Do men only want to get into your pants?

I know that many will react to this in a very negative way but I’d ask that they give it some thought. That men “just want to get in your pants” or “only think about one thing” are as much stereotypes as that “women are illogical” or “women can’t play rugby”.

For many obvious and often extremely valid reasons, the last few decades have been dominated in gender conversations by the fight against women’s subjugation or abuse or by those of the plurality of gender. I’m glad that such has and is happening.

However, it’s not a myth that many men are confused, unhappy, bewildered, feeling false guilt, attempting to be what they’re not, etc… No, I’m not saying that rape or sexuall abuse should be condoned.

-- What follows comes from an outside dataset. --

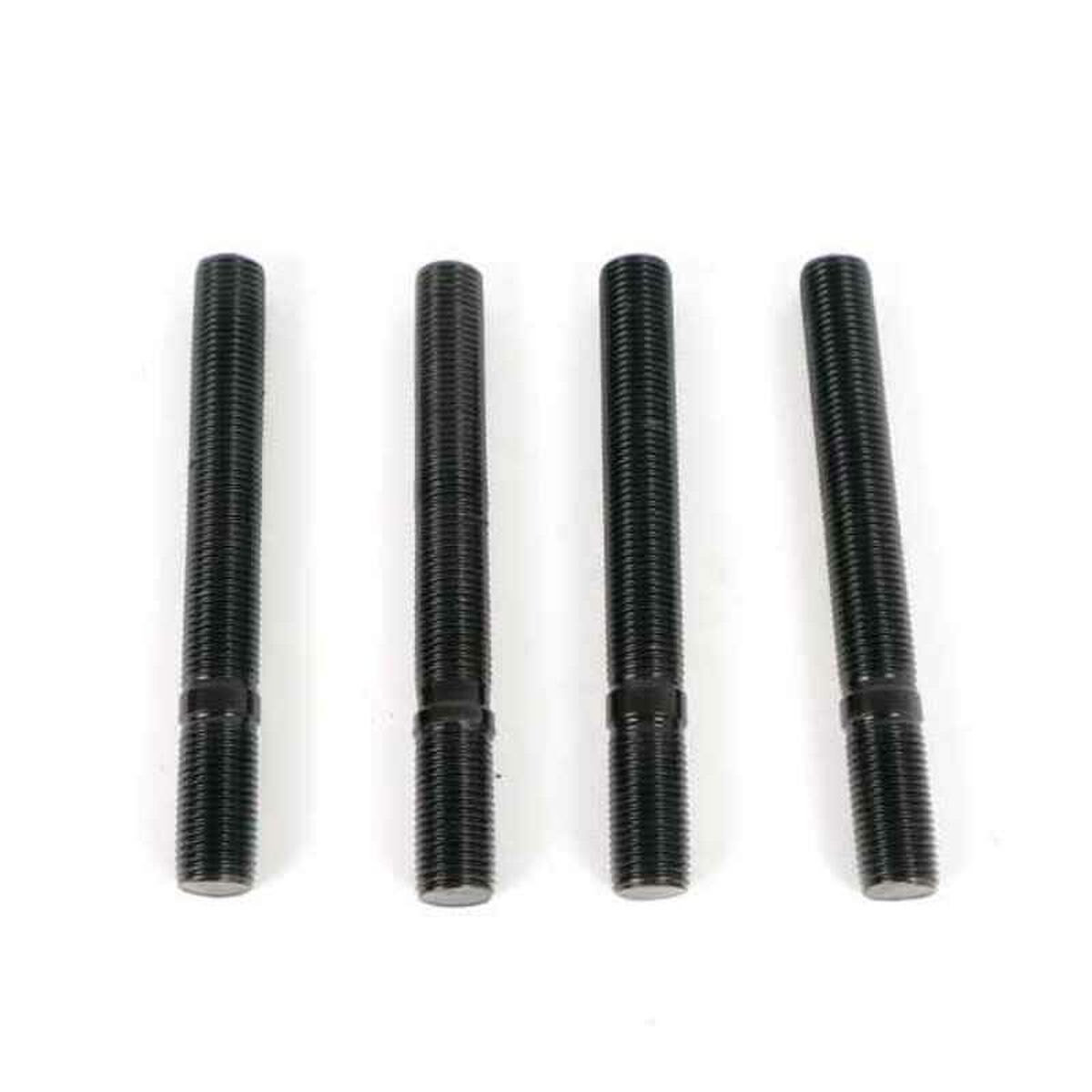 Screws Stud OMP OMPS09671201 M12 x 1.50 Allen screw-3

What I am saying is that there is much sexual abuse of men that is not even acknowledged and much of it is as mental or emotional as it is physical.

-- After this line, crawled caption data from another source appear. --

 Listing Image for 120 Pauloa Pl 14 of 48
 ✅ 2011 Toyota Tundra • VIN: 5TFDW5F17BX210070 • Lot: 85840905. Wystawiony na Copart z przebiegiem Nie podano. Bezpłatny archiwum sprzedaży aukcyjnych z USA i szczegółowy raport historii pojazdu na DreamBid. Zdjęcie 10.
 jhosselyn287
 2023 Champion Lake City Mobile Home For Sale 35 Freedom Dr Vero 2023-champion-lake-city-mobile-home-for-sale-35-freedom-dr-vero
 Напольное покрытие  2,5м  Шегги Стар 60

Sadly, it is rarely discussed. Yet, in my view, it is partly responsible for some of the negative action that some men take towards women.

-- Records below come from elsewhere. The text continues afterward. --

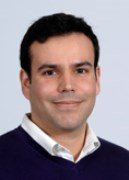 Francisco J. Aparicio-Navarro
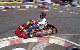 KO680902photo038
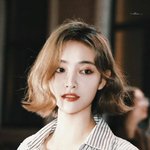 [댓글부탁해] <b>눈썹</b> 반영구 문신 받아본 애들 있어??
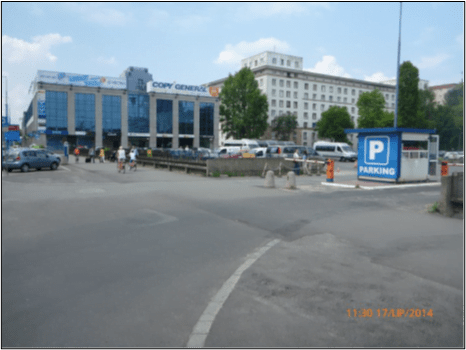screen network ekspertyza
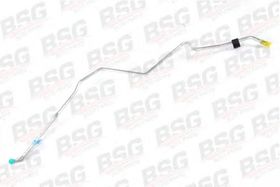 Шланг ГПК BSG BSG 30-725-032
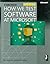 HOW WE TEST SOFTWARE AT MICROSOFT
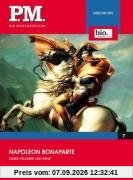 Napoleon Bonaparte- P.M. Die Wissensedition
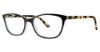 Picture of Via Spiga Eyeglasses Fiorella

Yes, I agree that in a general sense, women have been subject for aeons to a patriarchal regime that has denied their voice and intellect all too often – and worse. At the same time, women have always actually held the reins of power, as is reflected in the saying that “behind every great man, there is a woman”, not to mention the many historical examples of strong, intelligent and mighty achievers that women have been.

I think that, today, many men are completely at a loss as to what their role is supposed to be and how to comport themselves. I don’t think anyone is to blame, just that perhaps we need to think a little further outside the square and that we haven’t done so because the focus has ( probably very rightly) been on the wrongs women have suffered. Perhaps it would be useful to consider the wider picture.